# EXERCISE INSTRUCTIONS
Omit all pictures, then print the entries exactly.

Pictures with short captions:
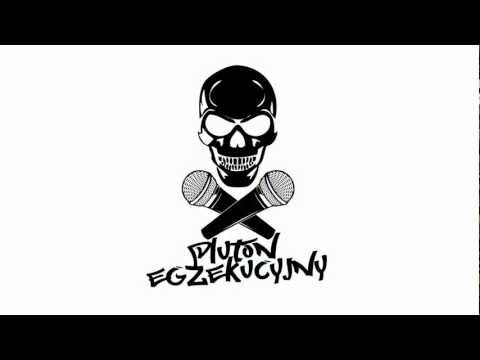 Pluton Egzekucyjny - Rejs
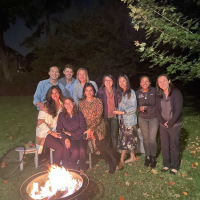 Sierra J. Seaman, MD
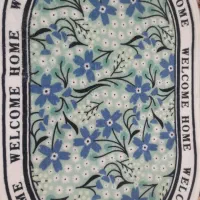 پادری نفیس|پادری|فردیس, منظریه|دیوار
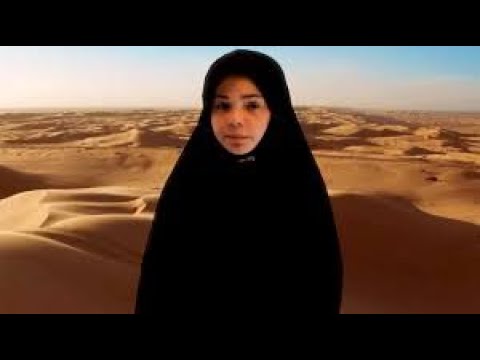 youtu.be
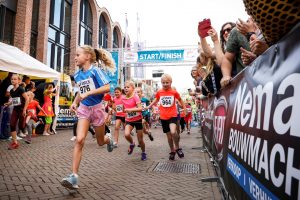 CityRun 2019 – Kidsrun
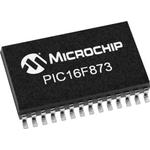 PIC16F873T-20I/SO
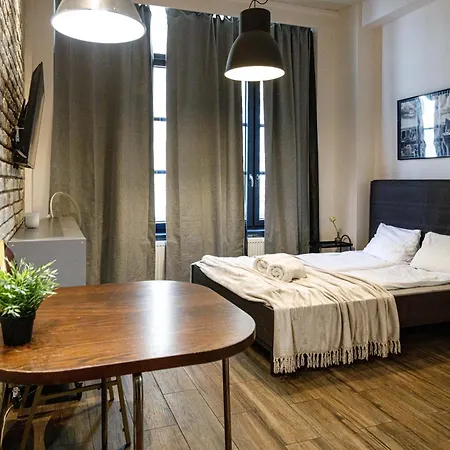 Golden Wroclaw- Cozy - Center&k27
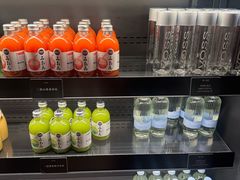 -曲水兰亭(北京四惠店)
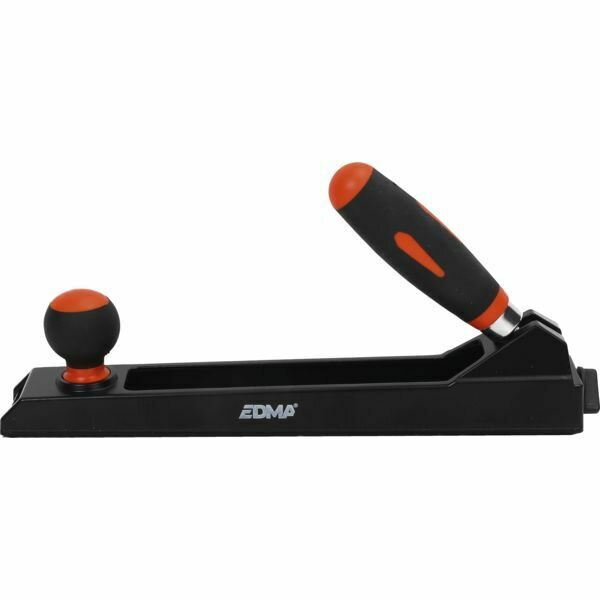 RABOT VARIO RAP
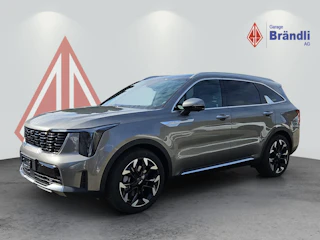 Fahrzeugbild [object Object] [object Object]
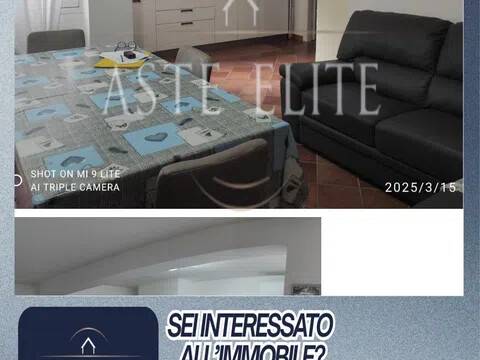 immagine annuncio 9 di 14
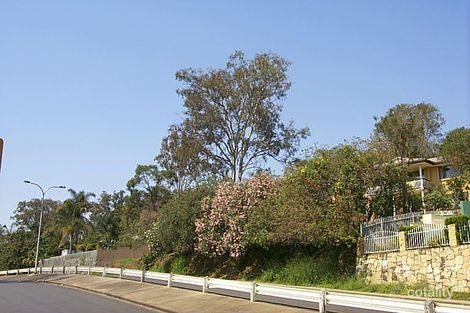 1a Endeavour St, Mount Ommaney, QLD 4074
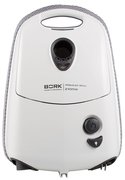 Пылесос БОРК V709 фото Пылесос BORK V709 фото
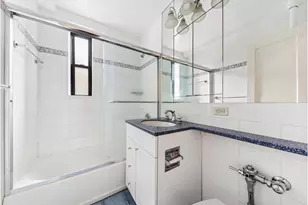 72 Park Terrace W, New York City, NY 10034 - Photo 10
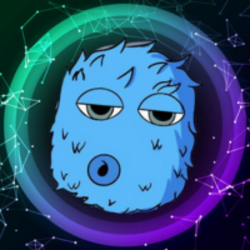 森多网络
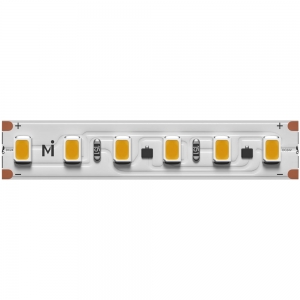 201121 Светодиодная лента Led Strip, Ic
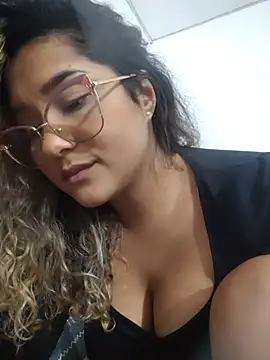 BrendaGirs' Live XXX Chat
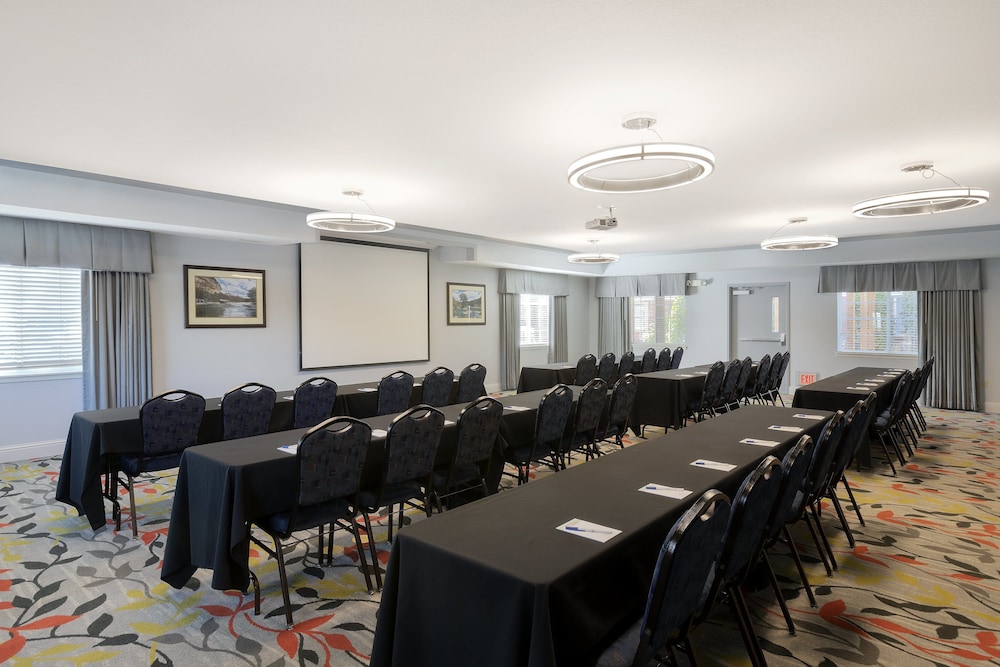 candlewood suites rogers bentonville by ihg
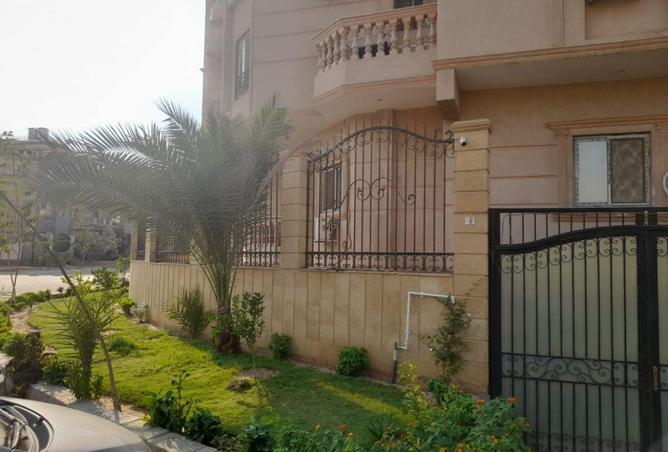 64891826 - Property Main Image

# COMPLETED EXERCISE
 Pluton Egzekucyjny - Rejs
 Sierra J. Seaman, MD
 پادری نفیس|پادری|فردیس, منظریه|دیوار
 youtu.be
 CityRun 2019 – Kidsrun
 PIC16F873T-20I/SO
 Golden Wroclaw- Cozy - Center&k27
 -曲水兰亭(北京四惠店)
 RABOT VARIO RAP
 Fahrzeugbild [object Object] [object Object]
 immagine annuncio 9 di 14
 1a Endeavour St, Mount Ommaney, QLD 4074
 Пылесос БОРК V709 фото Пылесос BORK V709 фото
 72 Park Terrace W, New York City, NY 10034 - Photo 10
 森多网络
 201121 Светодиодная лента Led Strip, Ic
 BrendaGirs' Live XXX Chat
 candlewood suites rogers bentonville by ihg
 64891826 - Property Main Image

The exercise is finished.